Other economists were ratcheting down their forecasts in light of recent data, including Nomura Securities chief economist David Resler. Nomura had expected a gain of 65,000 jobs in April, due mainly to the same seasonal factors Barclays took into account. Now, Resler thinks a drop in payrolls could be more likely.

"The job picture is as bad as it's been in the past 18 months," Resler said. "I don't think we can find enough special qualifying factors to give us an increase in payrolls."

Businesses comfortable on the sidelines

The biggest problem for the labor market recently has been an utter lack of business optimism. Most economists, including Federal Reserve Chairman Alan Greenspan, have said for months that businesses were delaying investment and hiring because of uncertainty about the effects of the war with Iraq.

But jobless claims have continued to rise even after the war ended, and it's starting to look like businesses had a little more on their minds than any regime change in Baghdad.

Most economists, including Greenspan, believe business optimism will eventually recover.
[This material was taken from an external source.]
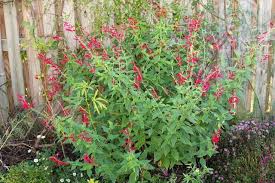 The outer husk and pineapple leaf contain bromelain enzyme, which is an actinidain in fruit that spurs bleeding, swelling. Is Pineapple Sage Safe For Dogs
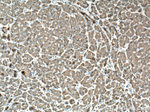 Cytochrome b5 Antibody in Immunohistochemistry (Paraffin) (IHC (P))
Oil prices, which acted as a sort of tax on businesses and consumers when they jumped in the months before the war, have fallen recently. Interest rates are at their lowest level in 41 years.
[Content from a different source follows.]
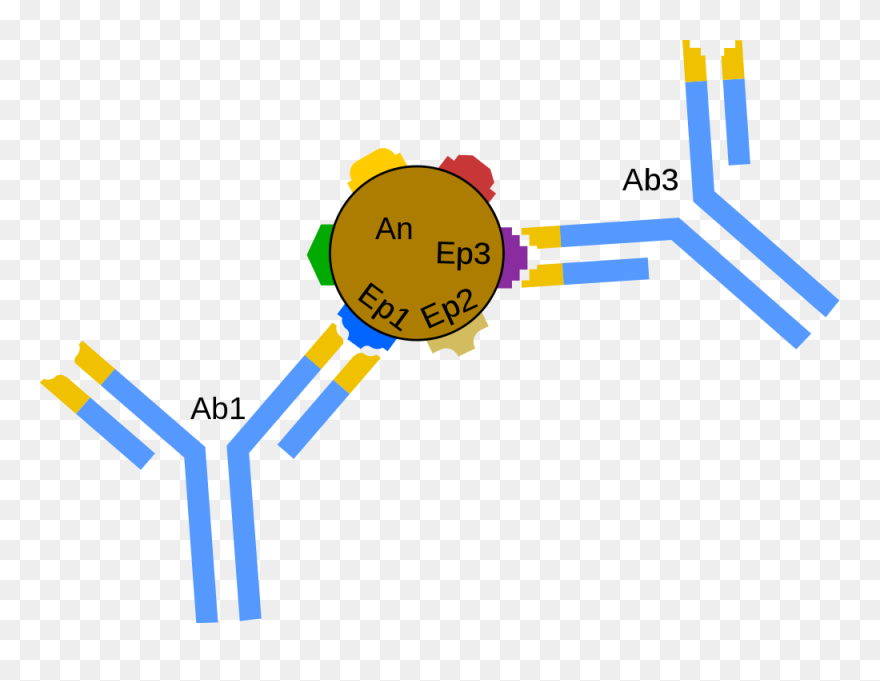 Flatworm Diagram - Antigen Antibody Svg Clipart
Meanwhile, inventories and payrolls are lean and mean, helping output per worker hour in 2002 post its biggest gain since 1950. This increased productivity has bolstered profits, and helped businesses ease some of the sting of the bursting of the late-1990s investment bubble, which left many companies with messy balance sheets.

Will tax cut add jobs?

And many economists are looking to Washington for a tax cut, which they think will help lift corporate spirits this year. President Bush is busily urging Congress to pass a tax cut of at least $550 billion, instead of the "little bitty" $350 billion tax cut the Senate wants.

Bush says the bigger cut will translate into more jobs, but many economists doubt it. The skeptics say the bigger cut would include the elimination of most individual dividend taxes, which is unlikely to help the job market anytime soon.
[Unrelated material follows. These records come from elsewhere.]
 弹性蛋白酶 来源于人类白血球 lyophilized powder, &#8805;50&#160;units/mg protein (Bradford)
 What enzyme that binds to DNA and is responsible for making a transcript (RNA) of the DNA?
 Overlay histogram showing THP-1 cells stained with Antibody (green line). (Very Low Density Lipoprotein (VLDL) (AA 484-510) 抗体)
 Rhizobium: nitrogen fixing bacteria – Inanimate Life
"I don't think much of the president's plan, in part because it spends a lot of money on ineffective stimulus," said Jeffrey Wenger, labor economist at the Economic Policy Institute, a think tank in Washington that has been an active critic of the Bush's tax plan. "The administration has even backed away from this being a stimulus plan. Now it's a long-term jobs and growth plan."

Wenger and many Democrats would prefer to see the federal government give money to cash-strapped state and local governments, which are busy firing workers and raising taxes, possibly offsetting any stimulus that might come from the federal plan.

Other economists believe the president's plan will help, but there's little consensus, even among the plan's supporters, about how many jobs it will create in the short run.

A Congressional Budget Office study, headed by Douglas Holtz-Eakin, formerly chief economist of Bush's Council of Economic Advisors, said even the president's original $726 billion plan would provide "a relatively small impetus" to the economy. A PricewaterhouseCoopers study commissioned by the Business Roundtable said the full plan might have added 800,000 jobs in 2003.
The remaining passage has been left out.